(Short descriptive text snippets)
-=-=-
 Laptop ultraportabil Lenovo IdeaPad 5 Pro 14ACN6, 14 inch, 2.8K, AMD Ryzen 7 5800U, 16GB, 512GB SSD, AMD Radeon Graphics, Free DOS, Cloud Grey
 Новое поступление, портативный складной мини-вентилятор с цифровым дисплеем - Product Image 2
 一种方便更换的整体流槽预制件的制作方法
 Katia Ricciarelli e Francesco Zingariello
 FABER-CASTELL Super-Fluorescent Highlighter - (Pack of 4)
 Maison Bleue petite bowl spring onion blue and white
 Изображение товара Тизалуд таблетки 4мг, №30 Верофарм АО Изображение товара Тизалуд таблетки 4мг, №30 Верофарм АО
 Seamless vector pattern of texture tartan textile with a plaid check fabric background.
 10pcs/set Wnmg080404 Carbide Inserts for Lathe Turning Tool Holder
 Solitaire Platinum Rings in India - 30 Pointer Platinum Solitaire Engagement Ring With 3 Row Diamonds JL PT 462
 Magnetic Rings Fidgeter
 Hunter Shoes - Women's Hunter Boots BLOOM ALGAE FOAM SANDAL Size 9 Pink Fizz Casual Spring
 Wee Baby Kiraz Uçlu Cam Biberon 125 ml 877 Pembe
-=-=-
■ **Problem details**:
Using the data above, establish how many lines include the word "Rings"; the reply is that number only.

■ **Result below**:
2